Saturday, July 18, 2009

It’s going to get worse! The Americanisation of British politics.

I’m not sure when it really started. Was it Maggie bringing in Saatchi & Saatchi for the 1979 election? Certainly by the time Blair was aping Clinton with sound bites, spin doctors and the 24 hour grin we were well on our way. Even Blair’s career path of university to law to politics was the standard American one. Now I have nothing against America, I worked for US marine companies for most of my working life. I am even a republican in the sense that I would rather not have a monarchy. But I do not envy the US political system. Now, like them, the difference between our two major parties can be hard to define.

Recently I have begun to feel we were out doing the Americans at their own game. It’s the increase of twenty-something potential and actual election candidates who have moved directly from university to a political career. This isn’t only happening with our own party, but also with the Tories and Liberals. Although I don’t always agree with him the Ken Livingstone interview on the Labourlist blog does highlight what’s going on. See two of his answers below.

Q. “Do you mean Old Labour with a capital O and a capital L or…”

KL. “Both! The main weakness of the so-called New Labour project was that it was too young and too graduate middle class. I was surprised how many old right-wingers who had spent their lives trying to stop me ended up supporting me because of how bad things had got.”

Q. “You know you can be young and graduate and working class and on the left of the party…”

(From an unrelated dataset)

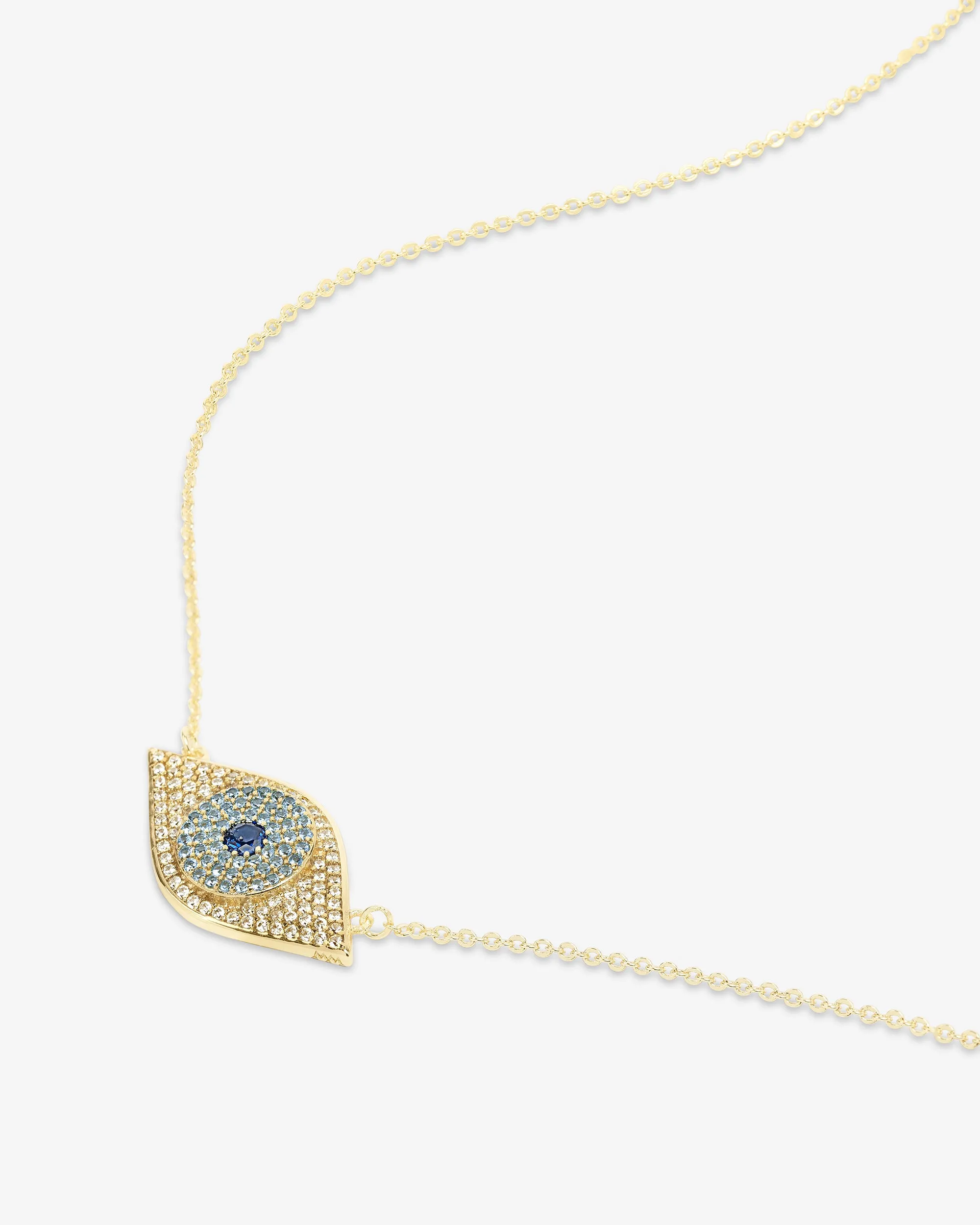 Blue Evil Eye Necklace - Gold|White Diamondettes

KL. “I’m sure there is one somewhere. But in the run up to the 1998 Borough council elections in London, they introduced al these tests. Instead of being selected, you had to write statements of your values and management experience. But it wasn’t just the left wing that was stripped down by that; it was the working class people, black and white. I thought that was absolutely disgraceful. Blair and Brown between them took a functioning, broadly working class party, but one that was also strongly middle class, and reduced it to a shell. They closed down all the channels by which working class people could express themselves, through their unions and their local parties. If they hadn’t closed down the Labour party in that way, they might not have made the catastrophic mistake in carrying on Thatcher’s ban on council house building, And they’re now surprised that working class people are angry? What fuels the anger of those working class voters is that their kids have got nowhere to live.”

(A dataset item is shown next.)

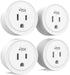 KMC Smart Plug Mini 4-Pack, Wi-Fi Outlets for Smart Home, Remote Control Lights and Devices, No Hub Required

We haven’t really seen this since WW2. Before that there were rural seats that were passed down through aristocratic families, but by the 1945 election many of the new MPs had been in the forces before. Even those who wanted a political career like Churchill 40 years before that started with another job.

These new members of the political class are the evil spawn of Blair, Cameron and Clegg. Blair had a pretend job in law while attempting to get into parliament. Cameron didn’t even do this, going straight into the Conservative Research Department. Clegg looks like he saw the opportunity to enter UK politics via Europe.

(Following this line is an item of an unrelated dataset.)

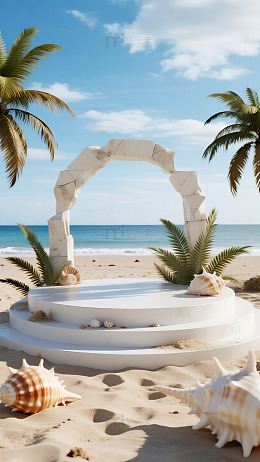 蓝天棕榈拱门清新背景图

But what do these and the new crop bring to the table; what experiences have they had which will help the country move forward? I try to see something positive in the youth of these people and New Labour’s parachuting in the likes of Georgia Gould, but it’s not working for me. Just look at the photos of the posters in the left column of Labourlist’s home page. It scares me that these are our next Labour Party representatives. (Apologies to those who don’t feel they fit my description.)

What the expense scandal should tell us is that we can’t afford to have this type of candidate. The political class must know that eventually the public will revolt and not just by not voting, or by voting BNP. Maybe a study of the French revolution will give them some warning. The people are very angry.